On peut néanmoins constater avec Marion Chénetier qu’il est très souvent question de la France et du français dans cette pièce étrange. Si la langue en question y est présentée comme un organisme vivant et de façon si multiforme, c’est peut-être aussi pour des raisons historiques et géographiques ; c’est que « [ça] parole » différemment (p. 376) selon qu’on se situe « dans les centres » (le centre-ville ?) ou « dans l’médus » (« l’entre-deux » : la banlieue ?) sans oublier « l’fou sabir » (celui des « classes dangereuses » ?) que « brame le fond » (la France profonde ?).

En somme, la complexité de la Seule à cédille réside entre autres dans le fait que « [chacun] qui parle c’te langue la modifie dans l’séminal plissier » (p. 363) – c’est à dire, supposons-le, selon les habitus langagiers de son lieu de naissance. A l’origine, la répartition (/distribution) s’effectua aussi en fonction des métiers des uns et des autres et Novarina, solennellement, proclamant la fin des « trépas mathématiques » pour annoncer une ère nouvelle (celle du « repas mathématon »), nous conte ceci, tout à fait comme s’il s’agissait d’une véritable Genèse des langues et des jargons :

‘Une Nuée sombre et claire tombe dans l’air. Une Nuée sombre et claire les coupe en deux. Les uns se bouchent les. Les autres se peignent les bouches en rouge. Paroles des pitres dans les docteurs, distrib’ des courtes et des fourchues. Versage des vins et des vinasses, fentes des mines, des tombes, des langues du nord, du sourd et de l’est, court au puble, court dans les publes. (p. 448).’

Ici, notre traduction (car, avec une telle prose, face à cet idiolecte, il s’agit bien de cela) pourrait consister en cela : sans que l’on comprenne vraiment ce qui se présida à tout ceci (cf. « Une Nuée claire et sombre »), le partage des langues (cf. la « distrib’ ») s’effectue avec violence et de façon radicale (cf. « les coupe en deux ») : s’il en est qui font les sourds, en « se [bouchant] les », pour éviter de se remettre en question, ceux qui « se peignent les bouches en rouge » partent sur le sentier de la guerre ; certains auront droit au « vin » de la victoire – et d’autres, à de la « vinasse ». Sur ce, des « docteurs » imposteurs tirent leur épingle du jeu avec des paroles de « pitres » tandis que de moins favorisés iront travailler à la « mine » ; le langage des uns est coupant, acéré (et leurs paroles : « fourchues », à double sens) et celui des autres est empêché, contraint (« C’est un peu court, jeune homme ! » leur sera-t-il signifié tout au long de leur existence). Certains sont travaillés par le désespoir, marqués par la mort (cf. « tombes ») et d’autres, enfin (cf. « sourd ») n’y entendent strictement rien ; cependant, les jeux ne sont pas faits et la roue peut encore tourner : cela fluctue, varie, circule, « court dans les publes ».

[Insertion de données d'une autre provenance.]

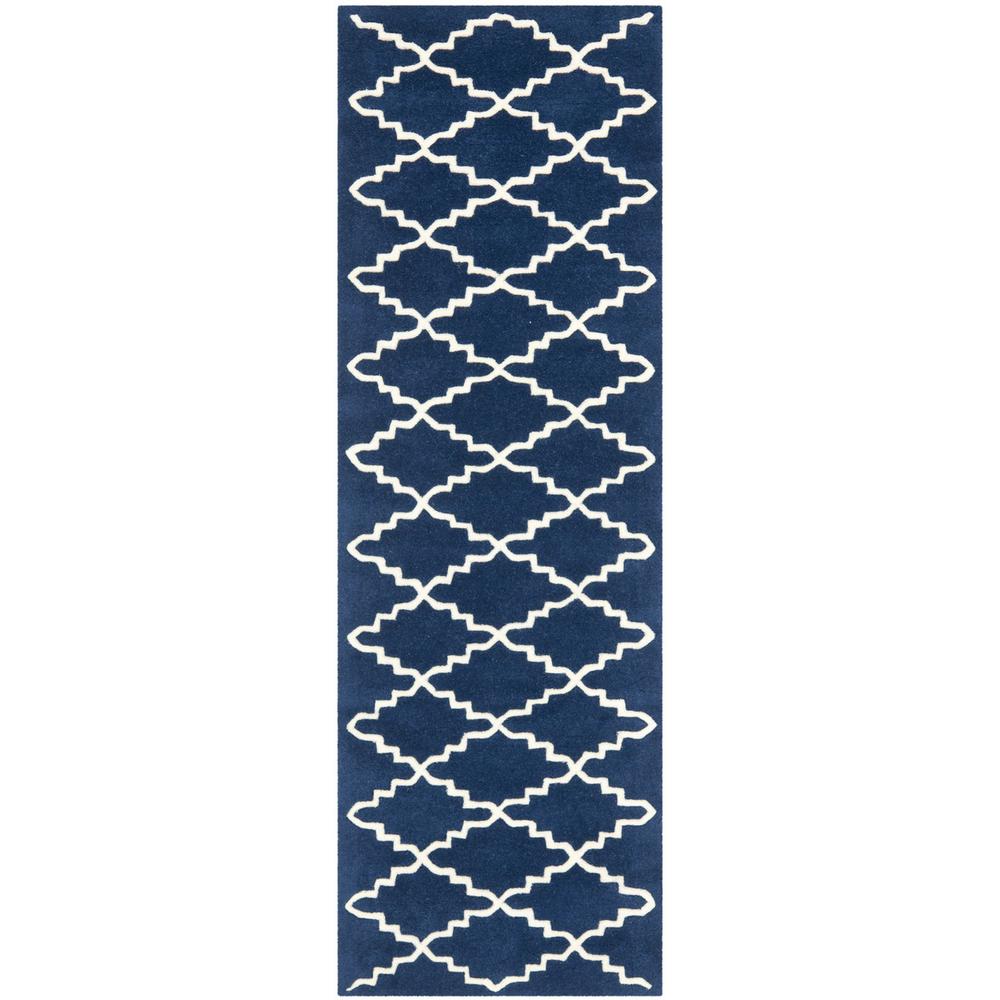 CHATHAM, DARK BLUE / IVORY, 2'-3" X 7', Area Rug, CHT721C-27. Picture 1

Signalons au passage que toute notre thèse pourrait être ainsi (mais serait-ce encore une thèse ?), c’est à dire truffée d’interprétations de ce type, tout à la fois baroques, délirantes et farfelues et que le lecteur universitaire doit être sensible à notre désir de nous brider au maximum et de les éviter le plus possible en essayant de toujours prouver ce que nous avançons ; cela dit, il semblerait bien que ce type d’approche (en somme un peu artiste) soit un des seuls moyens valables de se repérer dans la forêt.

Quoi qu’il en soit de l’accueil par l’université du paragraphe précédent, on peut penser que l’exemple cité donne une assez bonne idée de la lutte dont il est question ; lutte de pouvoirs, camps opposés, jeux d’influence, conflits armés : tout semble provenir, procéder du langage lui-même. A la question « D’où vient que ça parle, que la viande s’exprime ? », Chanson Porcin (p. 361) ira jusqu’à répondre : « Du partageage des genres humains ». C’est dire l’importance de la « distrib’ ».